--- Data extracts Enclosed Below ---
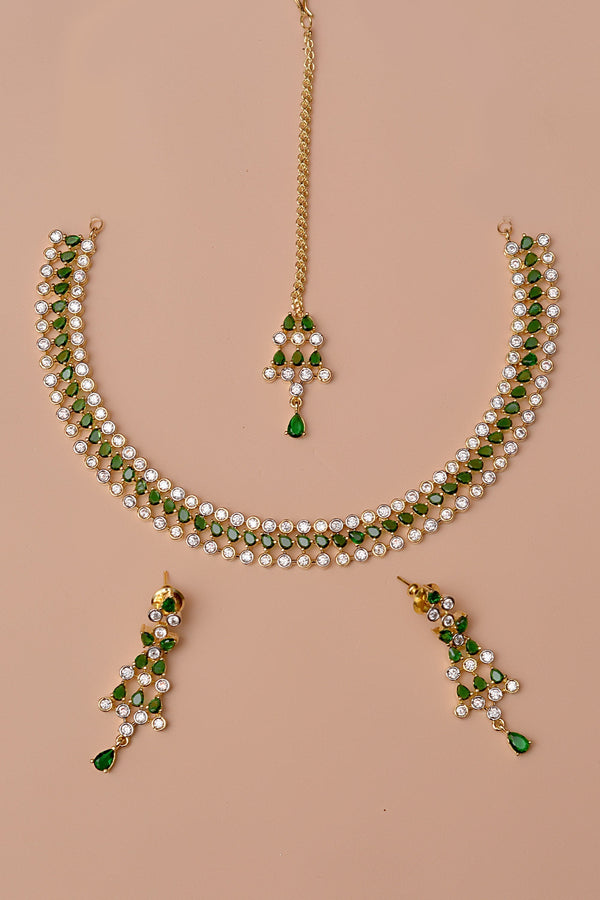 Anzay Jewellery - Party Wear Green Party Set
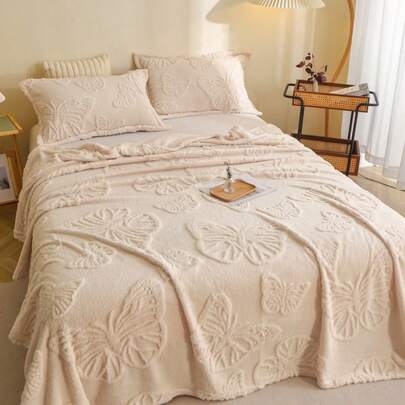 1pc Thick Bohemian Butterfly Jacquard Faux Fur Fleece Blanket, Soft & Warm, Dual-Use As Bedding, Throw, Decor For Living Room, Bedroom, Dorm, Office, Car, Travel, Picnic, Party, All Seasons
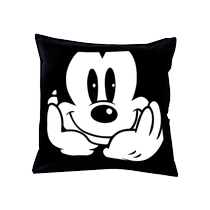 Mickey pillow sofa living room leg-sleeping office waist support dual-purpose pillow black and white linen car backrest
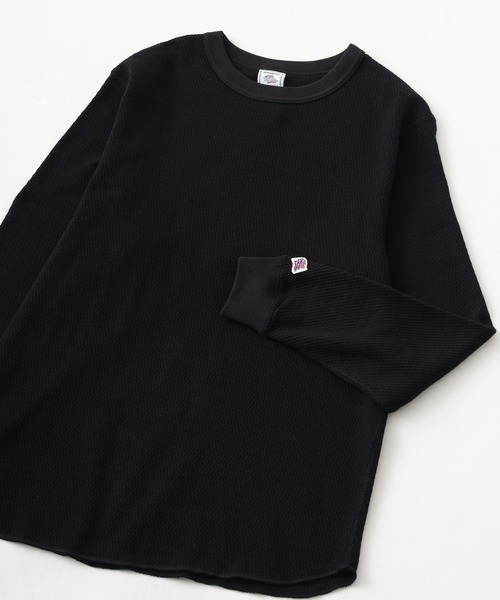 JEMORGAN(ジェーイーモーガン)の「JEMORGAN ダブルフェイスハニカムクルーネックL/S-T(Tシャツ/カットソー・メンズ・ブラック/ナチュラル/杢グレー/ネイビー・M/XL/S)」の2枚目の写真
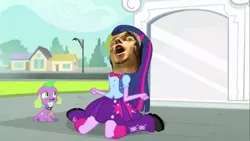 Size: 1067x600 | Tagged: safe, derpibooru import, edit, edited screencap, screencap, spike, twilight sparkle, dog, equestria girls, equestria girls (movie), arin hanson, duo, egoraptor, exploitable meme, meme, screaming, spike the dog, twiscream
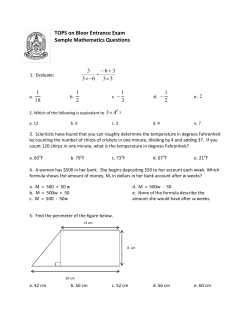 TOPS on Bloor Entrance Exam Sample Mathematics Questions 3 6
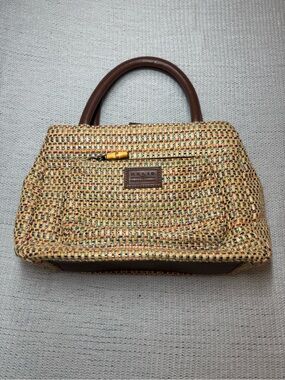 Relic Woven Satchel Handbag with Brown Trim in Natural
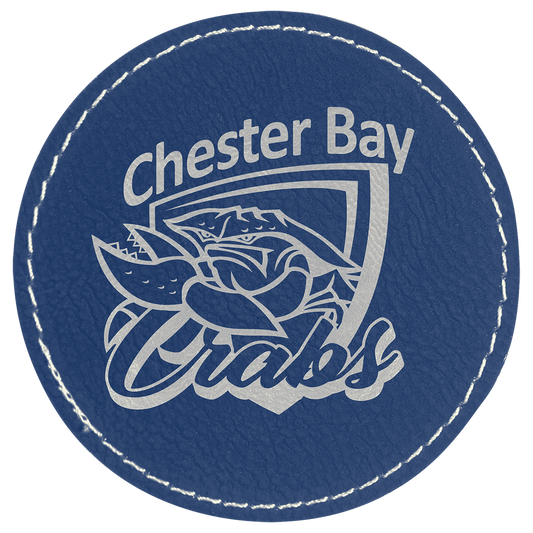 3" Round Blue/Silver Laserable Leatherette Patch with Kota Pro Adhesive (Sold by Case of 25)
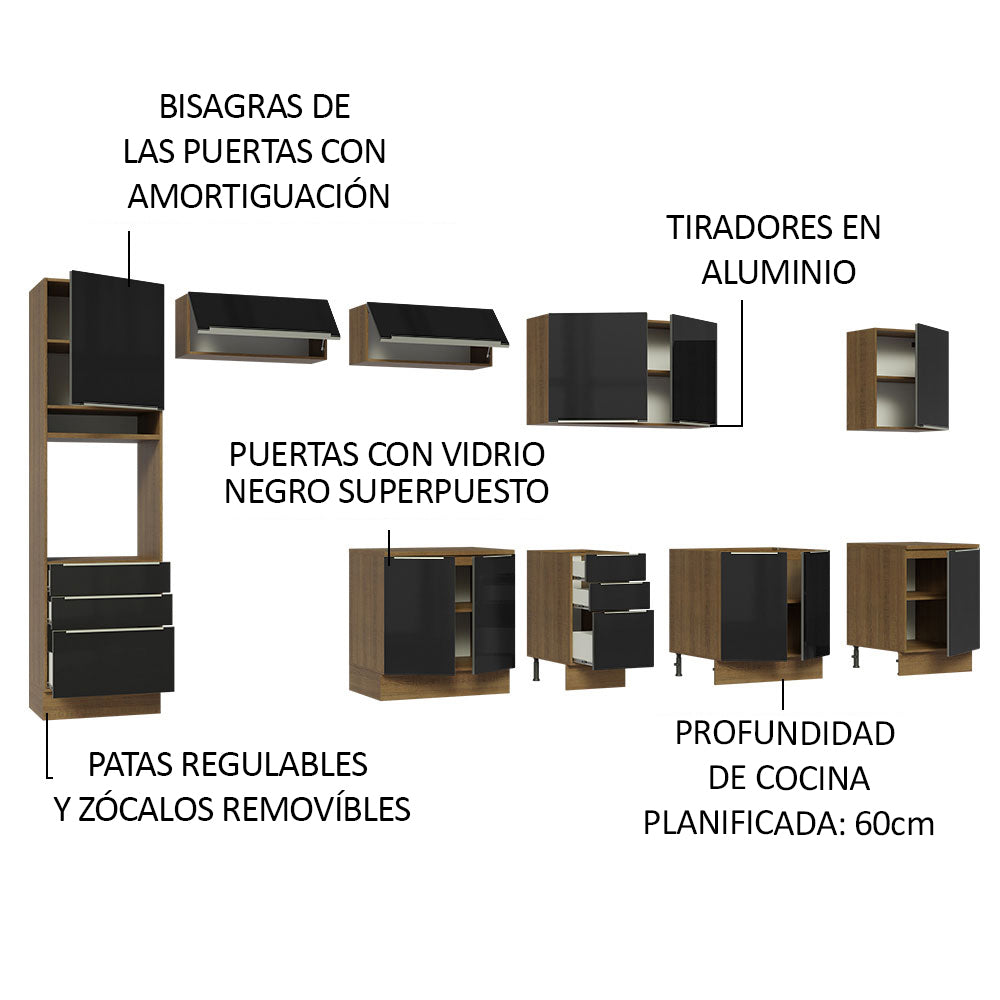 Combo completo de Cocina 400cm Marrón/Negro Lux da Thauane Madesa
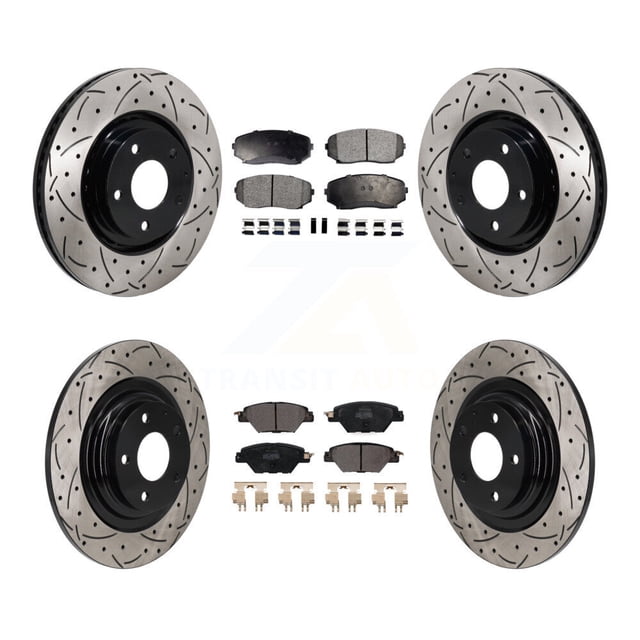 Transit Auto Front Rear Coated Drilled Slotted Disc Brake Rotors and Semi-Metallic Pads Kit for Car 2016-2023 Mazda CX-9 KDF-101337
--- End of Enclosed Data extracts ---
- [What the task asks] Only the lines from the line with "1pc Thick Bohemian" through the closing line of the data, both included, should be set down, exactly as written and without pictures.

- [Exercise answer]
 1pc Thick Bohemian Butterfly Jacquard Faux Fur Fleece Blanket, Soft & Warm, Dual-Use As Bedding, Throw, Decor For Living Room, Bedroom, Dorm, Office, Car, Travel, Picnic, Party, All Seasons
 Mickey pillow sofa living room leg-sleeping office waist support dual-purpose pillow black and white linen car backrest
 JEMORGAN(ジェーイーモーガン)の「JEMORGAN ダブルフェイスハニカムクルーネックL/S-T(Tシャツ/カットソー・メンズ・ブラック/ナチュラル/杢グレー/ネイビー・M/XL/S)」の2枚目の写真
 Size: 1067x600 | Tagged: safe, derpibooru import, edit, edited screencap, screencap, spike, twilight sparkle, dog, equestria girls, equestria girls (movie), arin hanson, duo, egoraptor, exploitable meme, meme, screaming, spike the dog, twiscream
 TOPS on Bloor Entrance Exam Sample Mathematics Questions 3 6
 Relic Woven Satchel Handbag with Brown Trim in Natural
 3" Round Blue/Silver Laserable Leatherette Patch with Kota Pro Adhesive (Sold by Case of 25)
 Combo completo de Cocina 400cm Marrón/Negro Lux da Thauane Madesa
 Transit Auto Front Rear Coated Drilled Slotted Disc Brake Rotors and Semi-Metallic Pads Kit for Car 2016-2023 Mazda CX-9 KDF-101337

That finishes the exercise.